When my kids were in kindergarten, I started coaching their soccer teams through the local recreation department. I love soccer. Loved playing it as a kid, then in college, then out in Colorado, and for one summer on a ragtag team of women from teenaged to middle-aged in Ireland. So of course I loved coaching it, too. It was gratifying to see the kids – my own and their classmates – progress from kindergarten all the way through elementary school, at which point I moved to the spectating side of the field.
It was a bit of a bummer last fall when my youngest and her classmates missed out on their last year of rec soccer – and their last chance to vie for the coveted Halloween Cup, that annual end-of-the-season tournament, played on the home field, right next to the playground they’ve all been swinging and sliding and climbing through since they were toddlers.
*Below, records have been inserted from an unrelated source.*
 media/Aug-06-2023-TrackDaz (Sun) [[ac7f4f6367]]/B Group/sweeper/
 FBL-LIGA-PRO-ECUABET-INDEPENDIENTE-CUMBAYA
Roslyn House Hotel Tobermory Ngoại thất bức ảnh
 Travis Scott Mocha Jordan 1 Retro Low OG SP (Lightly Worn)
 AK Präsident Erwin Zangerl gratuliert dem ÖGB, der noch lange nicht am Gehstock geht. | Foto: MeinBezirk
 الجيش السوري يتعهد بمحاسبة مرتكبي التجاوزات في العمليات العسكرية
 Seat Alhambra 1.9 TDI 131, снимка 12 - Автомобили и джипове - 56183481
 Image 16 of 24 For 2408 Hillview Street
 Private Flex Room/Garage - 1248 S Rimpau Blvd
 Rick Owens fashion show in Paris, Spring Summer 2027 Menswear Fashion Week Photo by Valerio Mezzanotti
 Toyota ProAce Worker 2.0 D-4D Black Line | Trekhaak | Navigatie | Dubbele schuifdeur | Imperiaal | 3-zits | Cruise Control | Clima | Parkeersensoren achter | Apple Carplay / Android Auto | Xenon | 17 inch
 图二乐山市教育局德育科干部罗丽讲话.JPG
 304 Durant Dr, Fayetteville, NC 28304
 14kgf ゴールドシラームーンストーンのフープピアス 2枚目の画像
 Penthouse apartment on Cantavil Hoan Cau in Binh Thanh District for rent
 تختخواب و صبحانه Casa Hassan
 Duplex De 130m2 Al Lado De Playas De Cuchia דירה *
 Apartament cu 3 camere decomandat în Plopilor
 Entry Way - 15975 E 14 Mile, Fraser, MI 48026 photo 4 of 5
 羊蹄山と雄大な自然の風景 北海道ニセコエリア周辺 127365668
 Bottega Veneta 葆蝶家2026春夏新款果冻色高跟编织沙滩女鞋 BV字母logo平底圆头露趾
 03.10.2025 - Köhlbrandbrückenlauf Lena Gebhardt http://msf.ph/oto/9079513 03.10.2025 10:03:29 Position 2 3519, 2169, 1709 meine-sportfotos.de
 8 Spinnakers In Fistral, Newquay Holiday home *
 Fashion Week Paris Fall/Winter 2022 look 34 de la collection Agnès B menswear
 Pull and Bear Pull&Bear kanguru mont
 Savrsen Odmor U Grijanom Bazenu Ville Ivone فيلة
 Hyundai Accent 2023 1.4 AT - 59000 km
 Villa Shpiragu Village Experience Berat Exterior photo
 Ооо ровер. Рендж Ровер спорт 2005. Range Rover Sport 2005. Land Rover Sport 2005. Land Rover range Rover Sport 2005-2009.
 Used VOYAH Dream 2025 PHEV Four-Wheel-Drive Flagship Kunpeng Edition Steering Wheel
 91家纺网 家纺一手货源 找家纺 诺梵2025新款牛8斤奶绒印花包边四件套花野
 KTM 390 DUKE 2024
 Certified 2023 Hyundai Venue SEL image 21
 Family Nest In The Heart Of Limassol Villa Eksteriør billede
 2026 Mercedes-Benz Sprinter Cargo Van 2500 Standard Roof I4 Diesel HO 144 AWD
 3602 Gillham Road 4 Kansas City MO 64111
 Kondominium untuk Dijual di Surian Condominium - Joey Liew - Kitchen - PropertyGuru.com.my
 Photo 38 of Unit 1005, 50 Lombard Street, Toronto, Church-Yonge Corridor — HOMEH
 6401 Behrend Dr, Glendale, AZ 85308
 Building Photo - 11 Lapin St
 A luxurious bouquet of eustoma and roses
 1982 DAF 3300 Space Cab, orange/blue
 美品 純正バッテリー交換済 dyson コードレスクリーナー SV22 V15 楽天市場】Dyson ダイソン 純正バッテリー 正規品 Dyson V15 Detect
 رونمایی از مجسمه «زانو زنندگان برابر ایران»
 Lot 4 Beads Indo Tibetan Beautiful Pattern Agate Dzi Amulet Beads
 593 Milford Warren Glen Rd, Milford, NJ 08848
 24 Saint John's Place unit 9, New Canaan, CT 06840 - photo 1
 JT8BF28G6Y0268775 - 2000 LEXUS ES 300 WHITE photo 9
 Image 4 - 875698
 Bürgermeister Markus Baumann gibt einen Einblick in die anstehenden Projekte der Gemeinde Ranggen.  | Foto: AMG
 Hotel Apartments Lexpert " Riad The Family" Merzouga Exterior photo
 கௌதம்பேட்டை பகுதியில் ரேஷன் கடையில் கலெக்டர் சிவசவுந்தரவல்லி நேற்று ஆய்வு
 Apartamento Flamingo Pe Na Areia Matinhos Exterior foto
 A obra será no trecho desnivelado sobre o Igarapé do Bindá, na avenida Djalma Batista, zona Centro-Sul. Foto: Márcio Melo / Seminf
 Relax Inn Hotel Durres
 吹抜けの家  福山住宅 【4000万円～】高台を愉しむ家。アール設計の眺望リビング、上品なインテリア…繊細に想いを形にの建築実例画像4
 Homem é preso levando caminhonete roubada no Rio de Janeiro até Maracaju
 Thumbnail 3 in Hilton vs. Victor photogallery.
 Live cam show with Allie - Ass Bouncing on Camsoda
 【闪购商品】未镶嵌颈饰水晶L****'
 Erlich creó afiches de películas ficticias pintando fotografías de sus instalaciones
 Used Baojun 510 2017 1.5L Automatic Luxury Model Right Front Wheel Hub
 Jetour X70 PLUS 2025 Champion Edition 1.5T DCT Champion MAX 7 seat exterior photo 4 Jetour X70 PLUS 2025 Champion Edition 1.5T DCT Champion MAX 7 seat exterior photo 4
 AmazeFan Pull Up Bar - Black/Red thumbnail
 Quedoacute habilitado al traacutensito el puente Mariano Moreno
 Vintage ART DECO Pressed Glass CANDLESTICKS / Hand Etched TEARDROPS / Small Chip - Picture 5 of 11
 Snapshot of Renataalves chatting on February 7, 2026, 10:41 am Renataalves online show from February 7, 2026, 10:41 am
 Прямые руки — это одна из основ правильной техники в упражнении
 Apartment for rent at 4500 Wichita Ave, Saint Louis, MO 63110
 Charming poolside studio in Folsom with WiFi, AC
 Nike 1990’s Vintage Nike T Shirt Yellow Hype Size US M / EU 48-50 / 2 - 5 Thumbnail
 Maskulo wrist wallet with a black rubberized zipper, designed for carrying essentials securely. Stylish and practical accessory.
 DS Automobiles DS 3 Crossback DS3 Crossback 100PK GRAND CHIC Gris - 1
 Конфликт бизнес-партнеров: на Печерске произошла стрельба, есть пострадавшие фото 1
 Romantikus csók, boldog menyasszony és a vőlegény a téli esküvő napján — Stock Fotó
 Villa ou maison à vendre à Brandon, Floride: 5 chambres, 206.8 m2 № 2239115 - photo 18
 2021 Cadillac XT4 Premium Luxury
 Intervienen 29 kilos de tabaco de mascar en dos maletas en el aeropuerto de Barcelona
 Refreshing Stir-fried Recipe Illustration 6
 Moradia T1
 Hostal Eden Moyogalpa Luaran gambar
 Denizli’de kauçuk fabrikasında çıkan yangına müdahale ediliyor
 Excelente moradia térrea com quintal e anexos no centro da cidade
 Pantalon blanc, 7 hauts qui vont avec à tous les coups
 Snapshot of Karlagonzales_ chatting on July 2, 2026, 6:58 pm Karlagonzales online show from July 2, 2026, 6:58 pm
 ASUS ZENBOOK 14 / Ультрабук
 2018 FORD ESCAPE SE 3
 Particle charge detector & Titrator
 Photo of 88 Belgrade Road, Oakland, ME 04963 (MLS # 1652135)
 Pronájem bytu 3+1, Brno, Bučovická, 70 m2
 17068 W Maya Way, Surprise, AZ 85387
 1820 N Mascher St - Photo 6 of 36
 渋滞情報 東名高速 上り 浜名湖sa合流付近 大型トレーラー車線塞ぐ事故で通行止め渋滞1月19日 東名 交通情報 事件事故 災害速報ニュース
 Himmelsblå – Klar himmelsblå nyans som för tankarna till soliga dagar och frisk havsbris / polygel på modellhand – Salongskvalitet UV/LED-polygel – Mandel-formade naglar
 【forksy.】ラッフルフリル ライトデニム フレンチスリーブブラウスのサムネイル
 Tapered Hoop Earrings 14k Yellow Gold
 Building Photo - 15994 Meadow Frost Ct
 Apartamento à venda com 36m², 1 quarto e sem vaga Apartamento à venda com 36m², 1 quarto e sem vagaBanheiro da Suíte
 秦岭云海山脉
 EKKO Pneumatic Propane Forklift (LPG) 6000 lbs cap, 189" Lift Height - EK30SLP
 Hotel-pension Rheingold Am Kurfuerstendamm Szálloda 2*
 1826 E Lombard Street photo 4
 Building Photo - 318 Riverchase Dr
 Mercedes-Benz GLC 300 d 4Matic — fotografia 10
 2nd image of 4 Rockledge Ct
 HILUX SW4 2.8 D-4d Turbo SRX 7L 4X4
My friend Mike and I still got to coach the kids in practices and intrateam scrimmages, but it wasn’t quite the same without the competition of playing against other teams. And while I sympathized with the kids, I also felt a twinge of my own remorse for missing out on this last year of coaching.
Still, I hesitated this spring when I was asked to help with
my youngest daughter’s club team. Just having two of my kids playing spring
soccer was a big time commitment, and I wasn’t sure I wanted to add one more
thing to my plate. But in the end, I figured if I was going to be sitting at
practices and driving to games anyway, I may as well help out – as long as I
didn’t have to be in charge of planning practices or any of the administrative
stuff. Basically, I agreed to be there to follow someone else’s lead.
In all the years I’ve coached (both soccer and skiing) I’ve been lucky to have some strong leads to follow. I’ve learned from the people I’ve coached with – and from watching many of the coaches who have guided my kids’ athletic endeavors when I’m on the other side of the field (or the ski slope) with the spectators.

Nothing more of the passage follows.